**Task directions:** Look below for the line that contains "Foto profissional grátis", and write out exactly that line and all remaining lines of the listing, omitting pictures.
─── Dataset records ───
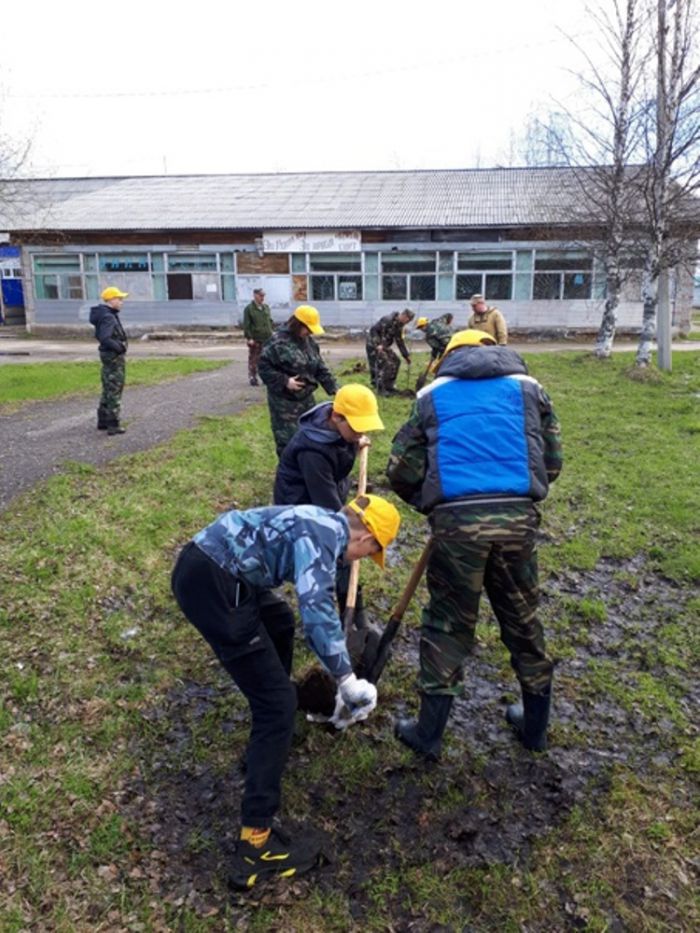 27 мая 2022 года на территории городского поселения «Междуреченск» были высажены саженцы рябины в рамках акции «Сад Памяти». 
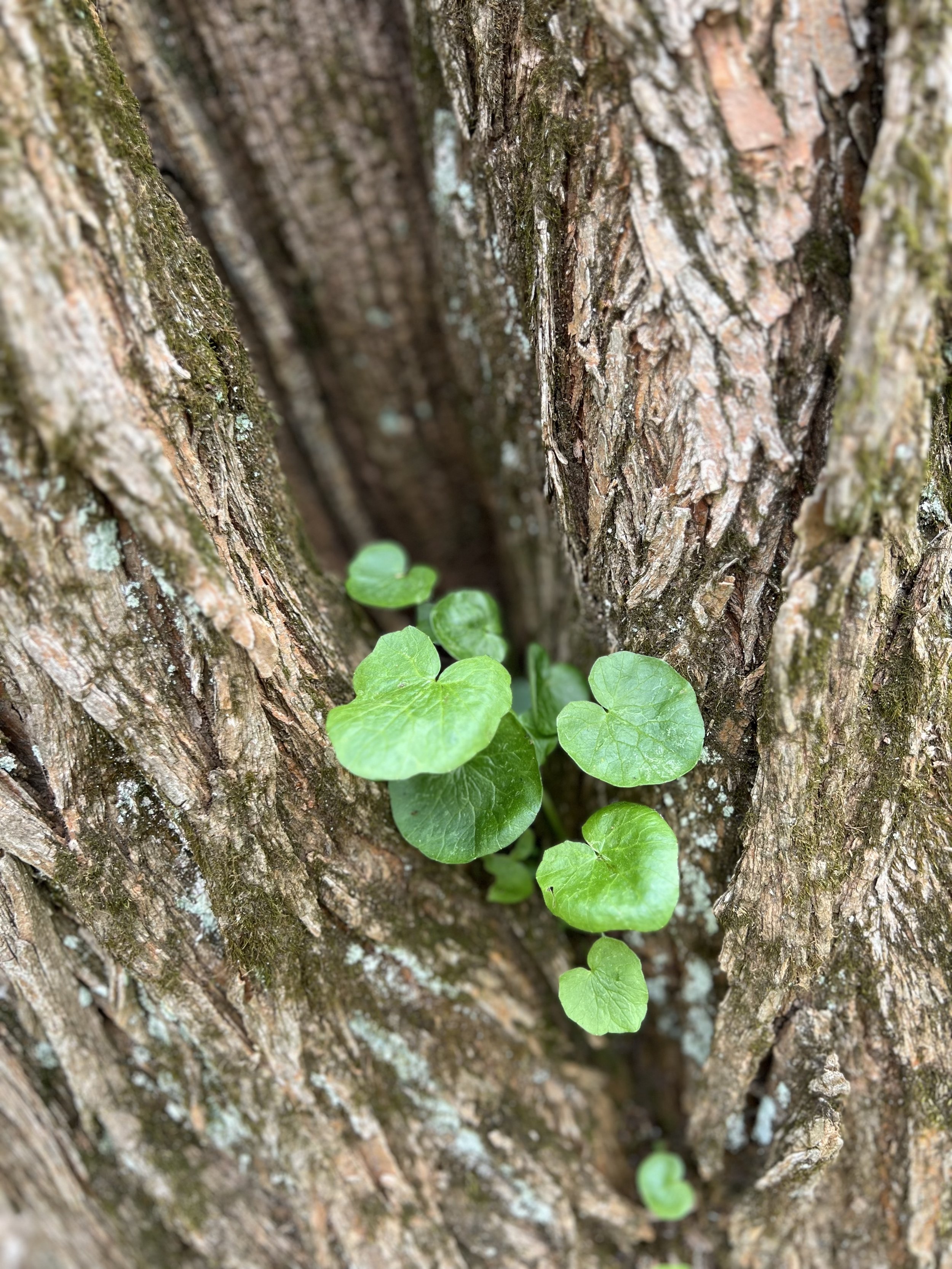 Close-up of tree bark with green ivy leaves growing in the crevice.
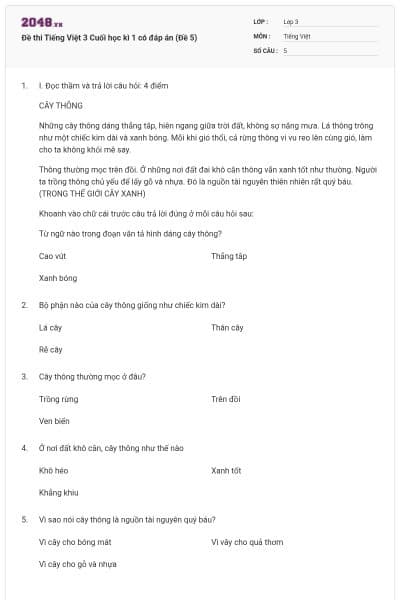 Đề thi Tiếng Việt 3 Cuối học kì 1 có đáp án (Đề 5)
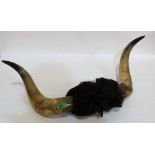 A pair of cow horns complete with wig. 26'' span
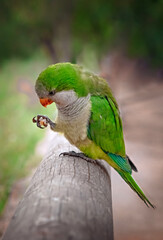 green parrot on a branch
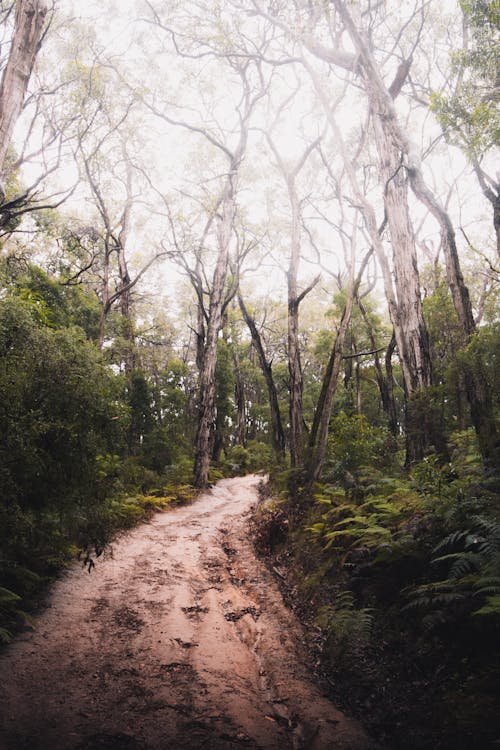 Foto profissional grátis de árvores, estrada de terra, floresta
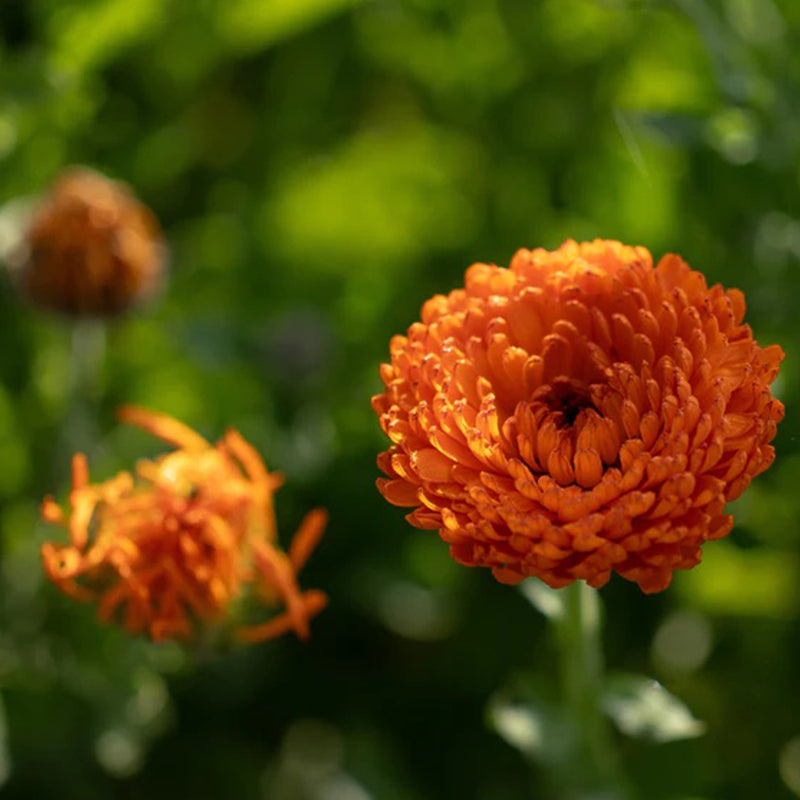 Neon Calendula
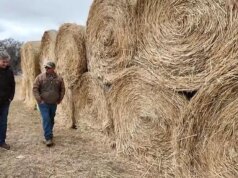 Gli allevatori isolati del Nebraska scoprono di non essere soli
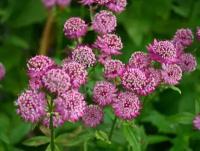 Астранция Карниольская Рубра (Astrantia) Рассада, Саженец/20-30 см./1 год/1,5л/Закрытая (ЗКС)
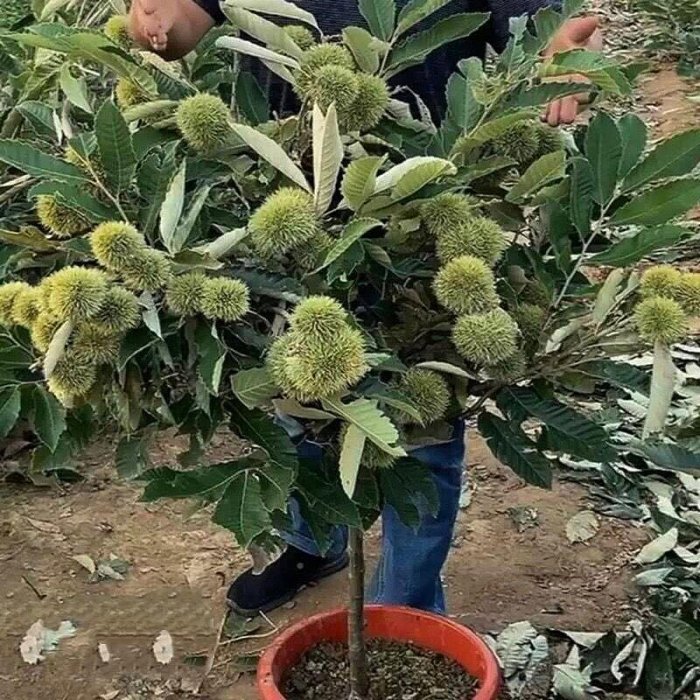 黃金板栗盆栽+6吋袋大苗 大果新品種Grafted Tree 已幫你養到落葉了(大.小.苗都有)黃金板栗 糖炒栗子 夏威夷果 | Yahoo拍賣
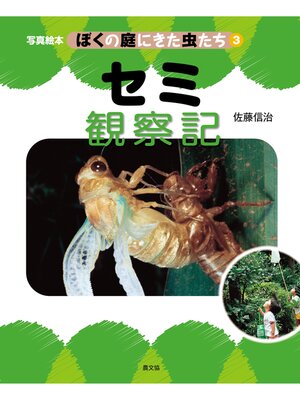cover image of 写真絵本　ぼくの庭にきた虫たち3　セミ観察記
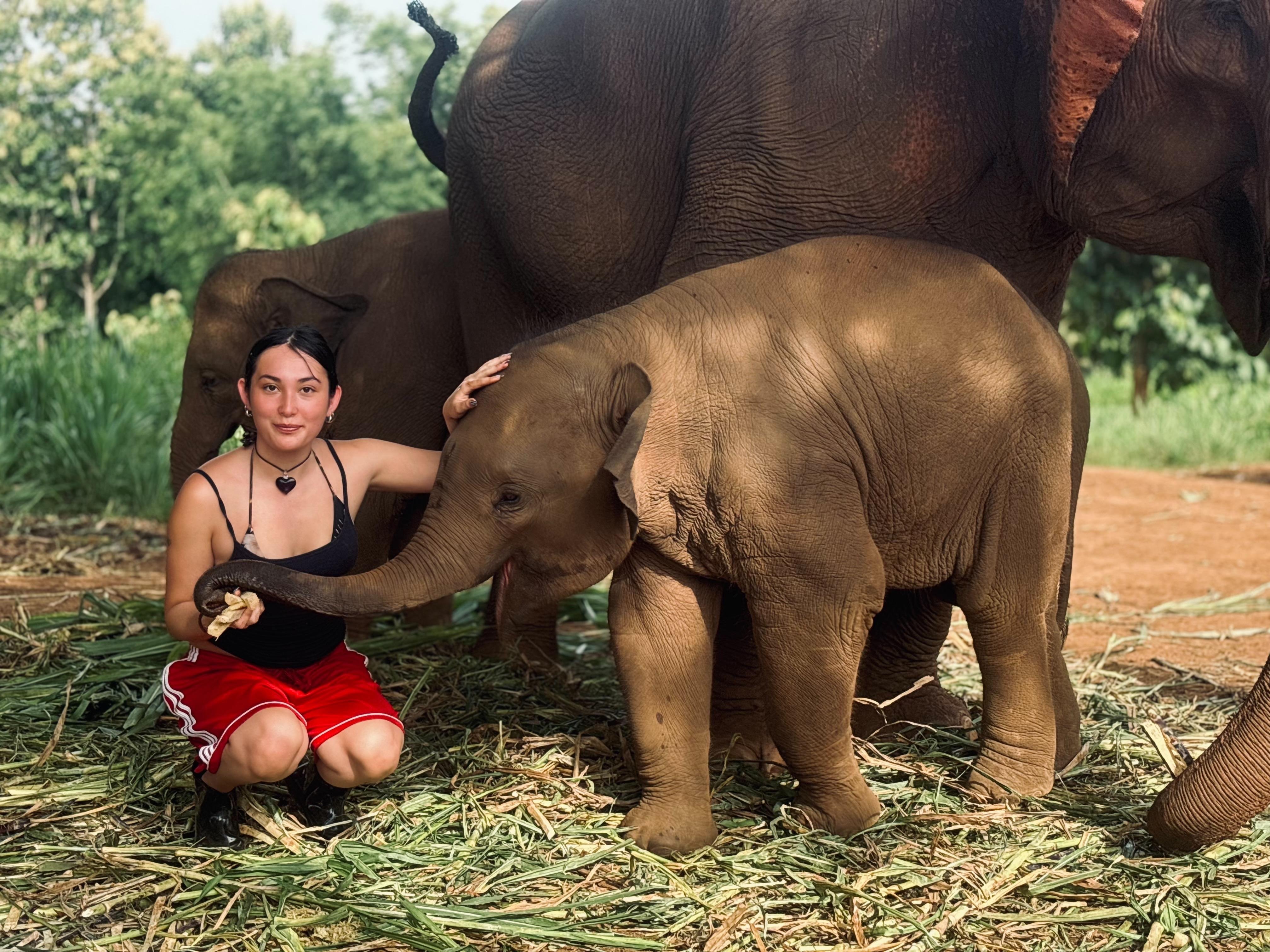 Elephant Sanctuary and Cooking Class — image 23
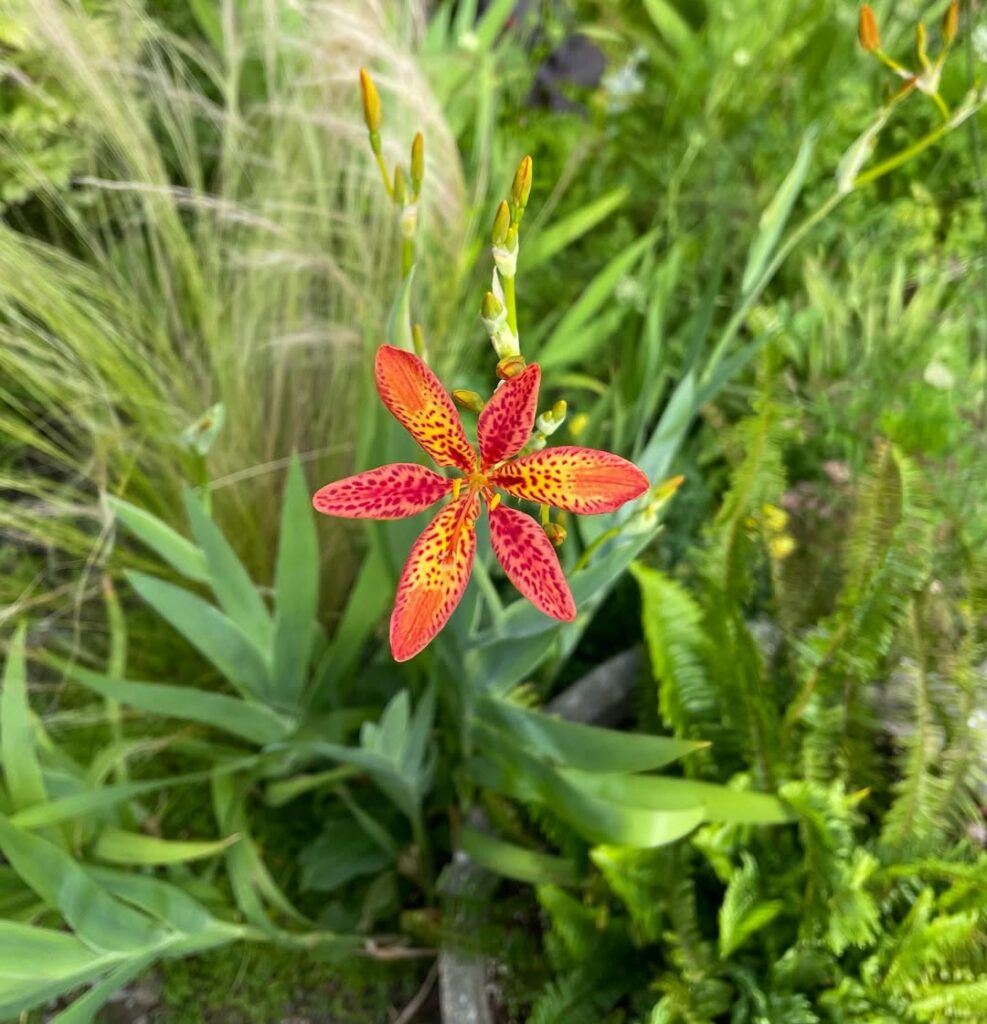 A flor-leopardo existe! Veja como cultivar essa exótica beleza manchada no jardim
───
**Answer to this problem:**
 Foto profissional grátis de árvores, estrada de terra, floresta
 Neon Calendula
 Gli allevatori isolati del Nebraska scoprono di non essere soli
 Астранция Карниольская Рубра (Astrantia) Рассада, Саженец/20-30 см./1 год/1,5л/Закрытая (ЗКС)
 黃金板栗盆栽+6吋袋大苗 大果新品種Grafted Tree 已幫你養到落葉了(大.小.苗都有)黃金板栗 糖炒栗子 夏威夷果 | Yahoo拍賣
cover image of 写真絵本　ぼくの庭にきた虫たち3　セミ観察記
 Elephant Sanctuary and Cooking Class — image 23
 A flor-leopardo existe! Veja como cultivar essa exótica beleza manchada no jardim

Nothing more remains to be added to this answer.